Each entry needs to be reproduced exactly, with none left out.

------ Supplied data

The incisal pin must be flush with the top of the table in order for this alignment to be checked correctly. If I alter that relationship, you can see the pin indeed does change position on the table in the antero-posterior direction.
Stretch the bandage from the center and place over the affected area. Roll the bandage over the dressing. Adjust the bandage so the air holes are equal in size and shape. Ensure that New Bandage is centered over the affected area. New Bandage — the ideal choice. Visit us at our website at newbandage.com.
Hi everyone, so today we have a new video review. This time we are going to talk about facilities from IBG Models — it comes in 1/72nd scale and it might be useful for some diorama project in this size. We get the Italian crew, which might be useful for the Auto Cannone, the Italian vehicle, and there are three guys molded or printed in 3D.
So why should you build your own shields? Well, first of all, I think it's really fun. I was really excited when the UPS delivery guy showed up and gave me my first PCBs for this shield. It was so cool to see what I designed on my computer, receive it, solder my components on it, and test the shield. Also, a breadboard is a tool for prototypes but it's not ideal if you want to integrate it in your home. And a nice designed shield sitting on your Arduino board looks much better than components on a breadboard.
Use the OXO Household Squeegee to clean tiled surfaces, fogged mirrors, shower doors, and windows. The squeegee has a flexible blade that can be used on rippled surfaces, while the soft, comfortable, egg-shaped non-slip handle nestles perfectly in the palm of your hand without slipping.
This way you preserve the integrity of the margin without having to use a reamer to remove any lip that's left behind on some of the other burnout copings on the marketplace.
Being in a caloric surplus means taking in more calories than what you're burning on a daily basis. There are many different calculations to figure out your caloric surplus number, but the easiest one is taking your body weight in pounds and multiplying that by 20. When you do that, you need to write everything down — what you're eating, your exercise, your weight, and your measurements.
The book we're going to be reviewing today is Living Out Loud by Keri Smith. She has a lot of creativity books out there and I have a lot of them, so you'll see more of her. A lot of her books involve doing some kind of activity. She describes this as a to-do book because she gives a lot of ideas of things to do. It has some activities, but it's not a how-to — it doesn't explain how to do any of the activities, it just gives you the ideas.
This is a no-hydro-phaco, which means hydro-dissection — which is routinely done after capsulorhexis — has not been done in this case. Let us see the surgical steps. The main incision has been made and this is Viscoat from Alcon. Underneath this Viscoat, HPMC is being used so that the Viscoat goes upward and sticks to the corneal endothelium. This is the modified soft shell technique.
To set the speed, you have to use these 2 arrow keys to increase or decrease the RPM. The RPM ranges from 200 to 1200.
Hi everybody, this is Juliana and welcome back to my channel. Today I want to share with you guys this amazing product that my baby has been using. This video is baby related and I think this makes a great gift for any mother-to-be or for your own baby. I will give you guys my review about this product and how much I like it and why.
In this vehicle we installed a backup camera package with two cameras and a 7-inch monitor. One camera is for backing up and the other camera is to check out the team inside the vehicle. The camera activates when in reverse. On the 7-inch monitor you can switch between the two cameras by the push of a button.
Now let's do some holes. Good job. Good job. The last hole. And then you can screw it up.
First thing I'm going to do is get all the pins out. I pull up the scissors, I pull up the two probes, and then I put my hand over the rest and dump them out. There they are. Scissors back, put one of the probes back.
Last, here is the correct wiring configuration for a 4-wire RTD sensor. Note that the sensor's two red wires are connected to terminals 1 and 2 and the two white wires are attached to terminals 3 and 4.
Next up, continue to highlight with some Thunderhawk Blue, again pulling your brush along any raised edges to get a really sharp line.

------------

# Reply
The incisal pin must be flush with the top of the table in order for this alignment to be checked correctly. If I alter that relationship, you can see the pin indeed does change position on the table in the antero-posterior direction.
Stretch the bandage from the center and place over the affected area. Roll the bandage over the dressing. Adjust the bandage so the air holes are equal in size and shape. Ensure that New Bandage is centered over the affected area. New Bandage — the ideal choice. Visit us at our website at newbandage.com.
Hi everyone, so today we have a new video review. This time we are going to talk about facilities from IBG Models — it comes in 1/72nd scale and it might be useful for some diorama project in this size. We get the Italian crew, which might be useful for the Auto Cannone, the Italian vehicle, and there are three guys molded or printed in 3D.
So why should you build your own shields? Well, first of all, I think it's really fun. I was really excited when the UPS delivery guy showed up and gave me my first PCBs for this shield. It was so cool to see what I designed on my computer, receive it, solder my components on it, and test the shield. Also, a breadboard is a tool for prototypes but it's not ideal if you want to integrate it in your home. And a nice designed shield sitting on your Arduino board looks much better than components on a breadboard.
Use the OXO Household Squeegee to clean tiled surfaces, fogged mirrors, shower doors, and windows. The squeegee has a flexible blade that can be used on rippled surfaces, while the soft, comfortable, egg-shaped non-slip handle nestles perfectly in the palm of your hand without slipping.
This way you preserve the integrity of the margin without having to use a reamer to remove any lip that's left behind on some of the other burnout copings on the marketplace.
Being in a caloric surplus means taking in more calories than what you're burning on a daily basis. There are many different calculations to figure out your caloric surplus number, but the easiest one is taking your body weight in pounds and multiplying that by 20. When you do that, you need to write everything down — what you're eating, your exercise, your weight, and your measurements.
The book we're going to be reviewing today is Living Out Loud by Keri Smith. She has a lot of creativity books out there and I have a lot of them, so you'll see more of her. A lot of her books involve doing some kind of activity. She describes this as a to-do book because she gives a lot of ideas of things to do. It has some activities, but it's not a how-to — it doesn't explain how to do any of the activities, it just gives you the ideas.
This is a no-hydro-phaco, which means hydro-dissection — which is routinely done after capsulorhexis — has not been done in this case. Let us see the surgical steps. The main incision has been made and this is Viscoat from Alcon. Underneath this Viscoat, HPMC is being used so that the Viscoat goes upward and sticks to the corneal endothelium. This is the modified soft shell technique.
To set the speed, you have to use these 2 arrow keys to increase or decrease the RPM. The RPM ranges from 200 to 1200.
Hi everybody, this is Juliana and welcome back to my channel. Today I want to share with you guys this amazing product that my baby has been using. This video is baby related and I think this makes a great gift for any mother-to-be or for your own baby. I will give you guys my review about this product and how much I like it and why.
In this vehicle we installed a backup camera package with two cameras and a 7-inch monitor. One camera is for backing up and the other camera is to check out the team inside the vehicle. The camera activates when in reverse. On the 7-inch monitor you can switch between the two cameras by the push of a button.
Now let's do some holes. Good job. Good job. The last hole. And then you can screw it up.
First thing I'm going to do is get all the pins out. I pull up the scissors, I pull up the two probes, and then I put my hand over the rest and dump them out. There they are. Scissors back, put one of the probes back.
Last, here is the correct wiring configuration for a 4-wire RTD sensor. Note that the sensor's two red wires are connected to terminals 1 and 2 and the two white wires are attached to terminals 3 and 4.
Next up, continue to highlight with some Thunderhawk Blue, again pulling your brush along any raised edges to get a really sharp line.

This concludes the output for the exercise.